Q- T. Breton a confirmé hier qu'en 2005 l'objectif du déficit reste 3%, et il dit en 2006, le déficit sera dans cette marge et pas au-dessus. Et on a traduit : "il sera au moins à 3% en 2006". Quel est votre avis ?
R- Les comptes publics dérapent, ça c'est sûr. Quand on regarde le rapport sur la Sécurité sociale récemment, on voit bien que le plan Douste- Blazy n'a rien réglé. Le déficit public dérape, ce sont nos enfants qui sont en cause, c'est la solidarité entre les générations, mais aussi c'est le scandale que nous vivons aujourd'hui, que je ne vois pas dénoncer, que moi je ne peux pas supporter, qui est que, on baisse l'impôt sur le revenu, non pas pour les couches moyennes, comme ça a été dit, mais pour les revenus les plus élevés. On ne gagne vraiment dans la baisse d'impôt sur le revenu qui a été annoncée qu'à partir de 15 000 euros. Vous parlez d'une définition des couches moyennes ! On baisse l'impôt sur le revenu pour les plus riches, et on augmente le déficit. En clair, on creuse le déficit pour donner de l'argent aux plus riches dans notre pays. Voilà la politique qui est aujourd'hui...
Q- D'accord, vous avez dénoncé le scandale.
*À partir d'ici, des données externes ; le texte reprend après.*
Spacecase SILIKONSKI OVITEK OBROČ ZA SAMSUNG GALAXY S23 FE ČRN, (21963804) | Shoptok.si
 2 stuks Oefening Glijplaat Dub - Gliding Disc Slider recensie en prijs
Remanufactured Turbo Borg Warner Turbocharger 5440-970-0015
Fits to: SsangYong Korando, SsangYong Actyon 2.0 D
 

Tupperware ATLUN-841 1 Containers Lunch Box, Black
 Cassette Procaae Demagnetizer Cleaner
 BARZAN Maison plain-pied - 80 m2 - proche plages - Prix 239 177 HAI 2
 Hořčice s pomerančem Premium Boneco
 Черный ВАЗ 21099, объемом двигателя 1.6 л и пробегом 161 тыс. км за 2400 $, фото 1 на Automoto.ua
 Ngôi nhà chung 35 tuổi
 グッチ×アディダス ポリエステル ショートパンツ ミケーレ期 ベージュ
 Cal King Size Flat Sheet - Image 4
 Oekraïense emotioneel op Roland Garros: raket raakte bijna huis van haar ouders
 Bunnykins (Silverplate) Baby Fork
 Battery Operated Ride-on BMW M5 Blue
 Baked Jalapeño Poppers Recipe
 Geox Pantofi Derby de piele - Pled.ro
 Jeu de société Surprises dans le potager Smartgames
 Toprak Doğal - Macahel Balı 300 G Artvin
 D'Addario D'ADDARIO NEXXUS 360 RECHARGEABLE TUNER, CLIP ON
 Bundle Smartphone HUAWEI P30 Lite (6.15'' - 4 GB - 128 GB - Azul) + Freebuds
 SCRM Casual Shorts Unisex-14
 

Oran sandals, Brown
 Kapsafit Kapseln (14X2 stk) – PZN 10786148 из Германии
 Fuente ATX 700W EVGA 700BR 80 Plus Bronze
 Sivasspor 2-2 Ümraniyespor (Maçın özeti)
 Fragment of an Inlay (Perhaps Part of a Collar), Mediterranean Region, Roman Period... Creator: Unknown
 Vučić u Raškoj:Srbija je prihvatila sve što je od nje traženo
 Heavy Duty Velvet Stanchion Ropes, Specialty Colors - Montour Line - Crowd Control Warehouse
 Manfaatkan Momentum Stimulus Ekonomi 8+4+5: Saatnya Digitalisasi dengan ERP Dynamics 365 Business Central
C'est dans quelle partie du programme socialiste, la fiscalité ?
R- Mais c'est dans une partie... la motion comprend des éléments fiscaux.
Q- Non, non, le programme socialiste. Est-ce que ce n'est pas indécent
qu'il n'y ait pas encore de programme chez les socialistes ?
R- Non, non, non...
Q- Et que vous vous contentiez de critiquer...
R- Mais non, ce n'est pas vrai, monsieur Elkabbach. Il n'y a pas encore de
programme...
Q- Vous me le montrez...
R- Il n'y a pas encore de programme... il y aura un programme lorsque
nous rentrerons dans la phase présidentielle.
Q- C'est-à-dire ?
R- Grosso modo vers le printemps, la fin du printemps en 2006. Aujourd'hui, nous en sommes à choisir nos orientations, mais pour autant, sur la fiscalité, il y a des choses. Et par exemple, ce qui est en train d'être fait sur l'impôt sur le revenu, il faudra revenir dessus.
Q- Pourquoi vous disiez récemment : "il faut réformer le modèle social français" ? Comment, par qui, par quoi on commence ?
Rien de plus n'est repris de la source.